Keri Wyatt Kent invites readers to rediscover the ancient practice of Sabbath in this practical and accessible book. Kent’s experiences as a retreat leader and a journalist collide as she offers true, interview-based stories along with scripturally based advice and guidance on how to live in a rhythm of work and rest she calls “Sabbath simplicity.” Based on what Jesus taught about Sabbath and how he practiced it, Kent explores six aspects of Sabbath as Christian spiritual practice: resting, reconnecting, revising, pausing, playing, and praying. These are the antidote to our restlessness, isolation, and our hurried lives, workaholism, and self-absorption. Living a nonlegalistic, sanely paced, God-focused life leads us to freedom and grace, joy and connection. A group study guide is included, making this book an excellent choice for small groups.
- Total Garbage
Truly, author Keri Wyatt Kent is a Baby Boomer. She teaches and promotes that it doesn't matter what you do or when you do it, because God will always accept it, regardless. From her writings that I've seen elsewhere, it is obvious that there are no absolutes in her life. So it should come as no surprise that there are none in her book. This approach toward life does not come from the Bible: it comes from the "peace and love" generation.
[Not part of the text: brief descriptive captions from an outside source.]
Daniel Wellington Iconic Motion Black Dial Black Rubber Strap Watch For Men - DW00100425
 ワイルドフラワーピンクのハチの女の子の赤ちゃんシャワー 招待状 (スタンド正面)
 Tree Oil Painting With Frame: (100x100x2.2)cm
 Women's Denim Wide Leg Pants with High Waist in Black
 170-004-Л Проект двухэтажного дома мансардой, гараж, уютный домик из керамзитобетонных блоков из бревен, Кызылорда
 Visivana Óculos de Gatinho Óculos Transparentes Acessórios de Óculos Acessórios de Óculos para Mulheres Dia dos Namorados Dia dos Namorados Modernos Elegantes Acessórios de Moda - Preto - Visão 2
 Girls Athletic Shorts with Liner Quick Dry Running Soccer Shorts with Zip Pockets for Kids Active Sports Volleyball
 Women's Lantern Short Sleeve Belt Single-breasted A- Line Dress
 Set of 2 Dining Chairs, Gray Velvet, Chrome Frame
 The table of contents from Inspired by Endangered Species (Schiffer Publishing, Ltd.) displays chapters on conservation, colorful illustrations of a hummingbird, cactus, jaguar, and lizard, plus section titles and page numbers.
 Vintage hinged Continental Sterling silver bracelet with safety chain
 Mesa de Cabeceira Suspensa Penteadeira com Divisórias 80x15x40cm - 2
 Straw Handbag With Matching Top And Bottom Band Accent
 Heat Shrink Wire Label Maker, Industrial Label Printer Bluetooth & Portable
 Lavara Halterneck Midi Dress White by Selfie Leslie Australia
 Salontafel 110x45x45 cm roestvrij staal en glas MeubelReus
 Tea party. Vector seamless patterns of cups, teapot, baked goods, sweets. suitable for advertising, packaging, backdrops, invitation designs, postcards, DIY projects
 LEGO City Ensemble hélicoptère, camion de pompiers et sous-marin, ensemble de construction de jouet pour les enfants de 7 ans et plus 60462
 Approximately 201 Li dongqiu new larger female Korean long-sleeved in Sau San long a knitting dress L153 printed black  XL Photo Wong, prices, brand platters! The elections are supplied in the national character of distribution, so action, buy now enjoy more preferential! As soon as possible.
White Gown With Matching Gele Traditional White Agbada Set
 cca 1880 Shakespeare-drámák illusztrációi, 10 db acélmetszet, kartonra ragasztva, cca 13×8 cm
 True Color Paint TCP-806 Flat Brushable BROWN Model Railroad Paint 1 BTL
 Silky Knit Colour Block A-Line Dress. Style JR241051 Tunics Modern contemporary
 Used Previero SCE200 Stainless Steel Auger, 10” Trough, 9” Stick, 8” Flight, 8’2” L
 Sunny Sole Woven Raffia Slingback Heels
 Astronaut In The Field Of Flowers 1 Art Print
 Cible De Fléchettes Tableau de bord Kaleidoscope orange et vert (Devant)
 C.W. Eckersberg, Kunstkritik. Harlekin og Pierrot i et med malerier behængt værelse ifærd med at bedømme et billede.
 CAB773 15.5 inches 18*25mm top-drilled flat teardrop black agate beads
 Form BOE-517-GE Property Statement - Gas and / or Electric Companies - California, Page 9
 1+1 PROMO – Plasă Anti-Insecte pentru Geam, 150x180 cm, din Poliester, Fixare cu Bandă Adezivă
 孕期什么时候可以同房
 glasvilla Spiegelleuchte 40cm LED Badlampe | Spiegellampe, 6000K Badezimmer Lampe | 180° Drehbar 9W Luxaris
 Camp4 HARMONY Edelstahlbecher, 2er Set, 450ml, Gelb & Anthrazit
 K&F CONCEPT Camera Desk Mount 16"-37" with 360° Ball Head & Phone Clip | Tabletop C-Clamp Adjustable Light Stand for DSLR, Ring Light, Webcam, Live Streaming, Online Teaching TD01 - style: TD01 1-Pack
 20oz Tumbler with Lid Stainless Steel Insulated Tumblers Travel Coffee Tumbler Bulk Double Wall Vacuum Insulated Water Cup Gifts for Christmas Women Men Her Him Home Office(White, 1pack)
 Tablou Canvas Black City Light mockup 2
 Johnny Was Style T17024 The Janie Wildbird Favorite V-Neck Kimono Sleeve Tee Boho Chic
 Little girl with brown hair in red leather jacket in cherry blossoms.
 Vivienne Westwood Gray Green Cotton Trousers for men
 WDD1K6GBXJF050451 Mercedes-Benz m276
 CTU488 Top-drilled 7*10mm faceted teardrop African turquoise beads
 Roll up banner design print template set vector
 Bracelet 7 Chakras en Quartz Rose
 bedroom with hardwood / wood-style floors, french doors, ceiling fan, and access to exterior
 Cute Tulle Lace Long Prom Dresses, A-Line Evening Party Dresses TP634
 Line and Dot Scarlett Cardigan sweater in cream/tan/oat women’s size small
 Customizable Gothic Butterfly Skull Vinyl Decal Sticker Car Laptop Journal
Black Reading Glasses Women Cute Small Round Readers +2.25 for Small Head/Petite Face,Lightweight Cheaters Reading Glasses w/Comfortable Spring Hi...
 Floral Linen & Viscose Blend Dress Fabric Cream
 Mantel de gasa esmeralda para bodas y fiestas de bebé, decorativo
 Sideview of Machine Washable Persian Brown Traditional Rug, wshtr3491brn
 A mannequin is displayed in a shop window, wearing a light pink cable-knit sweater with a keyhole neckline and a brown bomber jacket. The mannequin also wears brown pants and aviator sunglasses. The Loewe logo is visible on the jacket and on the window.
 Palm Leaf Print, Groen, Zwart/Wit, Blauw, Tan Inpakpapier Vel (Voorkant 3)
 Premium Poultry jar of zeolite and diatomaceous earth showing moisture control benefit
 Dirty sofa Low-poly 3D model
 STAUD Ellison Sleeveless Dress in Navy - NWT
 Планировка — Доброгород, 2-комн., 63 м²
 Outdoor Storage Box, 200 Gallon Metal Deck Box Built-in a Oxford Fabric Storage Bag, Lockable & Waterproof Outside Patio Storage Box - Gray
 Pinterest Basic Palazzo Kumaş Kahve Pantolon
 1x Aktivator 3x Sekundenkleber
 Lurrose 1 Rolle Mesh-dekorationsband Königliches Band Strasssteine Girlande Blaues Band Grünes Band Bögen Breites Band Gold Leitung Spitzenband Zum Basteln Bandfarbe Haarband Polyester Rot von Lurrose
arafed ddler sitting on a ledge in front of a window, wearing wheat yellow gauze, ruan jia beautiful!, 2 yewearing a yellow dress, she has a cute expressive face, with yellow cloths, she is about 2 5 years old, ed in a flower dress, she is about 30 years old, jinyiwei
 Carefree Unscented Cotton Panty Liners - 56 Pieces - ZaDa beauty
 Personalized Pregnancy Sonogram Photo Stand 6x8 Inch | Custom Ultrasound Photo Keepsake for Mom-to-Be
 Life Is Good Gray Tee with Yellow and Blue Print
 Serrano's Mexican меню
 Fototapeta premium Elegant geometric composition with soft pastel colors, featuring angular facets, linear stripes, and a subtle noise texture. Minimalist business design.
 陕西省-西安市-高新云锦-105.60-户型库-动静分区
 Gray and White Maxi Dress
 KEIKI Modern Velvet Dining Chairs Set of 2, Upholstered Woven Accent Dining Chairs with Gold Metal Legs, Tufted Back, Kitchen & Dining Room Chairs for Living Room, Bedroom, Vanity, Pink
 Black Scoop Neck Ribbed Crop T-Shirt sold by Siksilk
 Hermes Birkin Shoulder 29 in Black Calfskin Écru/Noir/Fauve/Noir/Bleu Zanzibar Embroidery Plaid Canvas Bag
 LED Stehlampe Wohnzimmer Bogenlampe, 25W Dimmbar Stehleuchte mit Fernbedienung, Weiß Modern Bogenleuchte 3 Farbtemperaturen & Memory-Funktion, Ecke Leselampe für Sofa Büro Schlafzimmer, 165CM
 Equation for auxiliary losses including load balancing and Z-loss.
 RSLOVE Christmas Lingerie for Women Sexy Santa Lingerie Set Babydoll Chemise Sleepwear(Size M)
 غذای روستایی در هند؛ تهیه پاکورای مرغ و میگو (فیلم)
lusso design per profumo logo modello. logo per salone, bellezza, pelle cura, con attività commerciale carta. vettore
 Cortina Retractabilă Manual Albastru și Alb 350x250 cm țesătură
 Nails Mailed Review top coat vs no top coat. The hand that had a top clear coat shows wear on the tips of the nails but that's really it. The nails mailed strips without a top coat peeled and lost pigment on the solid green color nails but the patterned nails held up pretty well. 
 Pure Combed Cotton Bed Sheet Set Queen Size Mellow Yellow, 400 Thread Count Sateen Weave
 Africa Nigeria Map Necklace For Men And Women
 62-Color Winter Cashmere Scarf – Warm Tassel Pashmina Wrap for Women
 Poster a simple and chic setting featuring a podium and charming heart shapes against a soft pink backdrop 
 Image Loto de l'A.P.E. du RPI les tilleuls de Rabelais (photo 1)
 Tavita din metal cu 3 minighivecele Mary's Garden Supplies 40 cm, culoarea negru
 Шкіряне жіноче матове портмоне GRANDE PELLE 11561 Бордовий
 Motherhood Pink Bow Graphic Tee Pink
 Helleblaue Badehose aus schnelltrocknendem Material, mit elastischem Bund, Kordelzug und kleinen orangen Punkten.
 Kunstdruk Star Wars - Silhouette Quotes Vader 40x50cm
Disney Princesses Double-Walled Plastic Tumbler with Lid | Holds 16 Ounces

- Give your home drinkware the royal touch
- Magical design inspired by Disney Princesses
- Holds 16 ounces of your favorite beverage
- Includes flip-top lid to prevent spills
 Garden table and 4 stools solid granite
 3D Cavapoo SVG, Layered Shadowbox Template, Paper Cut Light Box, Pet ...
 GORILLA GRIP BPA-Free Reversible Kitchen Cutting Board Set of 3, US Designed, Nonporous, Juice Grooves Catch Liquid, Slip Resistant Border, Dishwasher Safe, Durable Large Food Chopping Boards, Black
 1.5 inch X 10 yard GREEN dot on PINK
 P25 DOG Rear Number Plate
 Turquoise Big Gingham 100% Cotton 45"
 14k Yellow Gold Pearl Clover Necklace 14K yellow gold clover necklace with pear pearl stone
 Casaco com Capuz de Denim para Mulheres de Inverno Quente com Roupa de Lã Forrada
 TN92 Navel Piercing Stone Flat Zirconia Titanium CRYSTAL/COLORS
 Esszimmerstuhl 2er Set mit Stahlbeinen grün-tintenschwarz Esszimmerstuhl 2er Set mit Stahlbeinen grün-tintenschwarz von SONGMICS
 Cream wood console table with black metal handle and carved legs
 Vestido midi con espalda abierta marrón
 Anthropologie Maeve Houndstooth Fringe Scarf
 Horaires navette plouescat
She plays fast and loose with God's words; her use of scriptures is sloppy.
As an example, Ms. Kent correctly brings up the part of Exodus where God rains down manna on six days and none on the seventh, to show the Israelites which day is the Sabbath. In spite of this evidence, it is her claim later on that the Jews were the ones who invented this practice, and not God. Throughout the rest of her book, she repeatedly and heavily calls the Sabbath "Jewish". She also conveniently avoids the scriptures in which God is described as calling them "My Sabbaths" (not "Jewish Sabbaths").
Additionally, any good Bible student knows that the Jews--from Jacob's son Judah--were only a fraction of the people who came out of Egypt. Yet she repeatedly calls all of the Israelites "Jews". If Ms. Kent cannot state the truth about this simple piece of Israelite genealogy, how can we trust her about everything else she says?
All of this does nothing else except showcase how ignorant Keri Wyatt Kent really is.
"Rest: Living in Sabbath Simplicity" is almost entirely a book of mindless opinions and inane ramblings. Sadly, do not count on this book to be a source of material on which you can bank your eternal life.
I'm embarrassed to admit that I bought the audiobook. Keri Wyatt Kent should be even more embarrassed that she wrote it.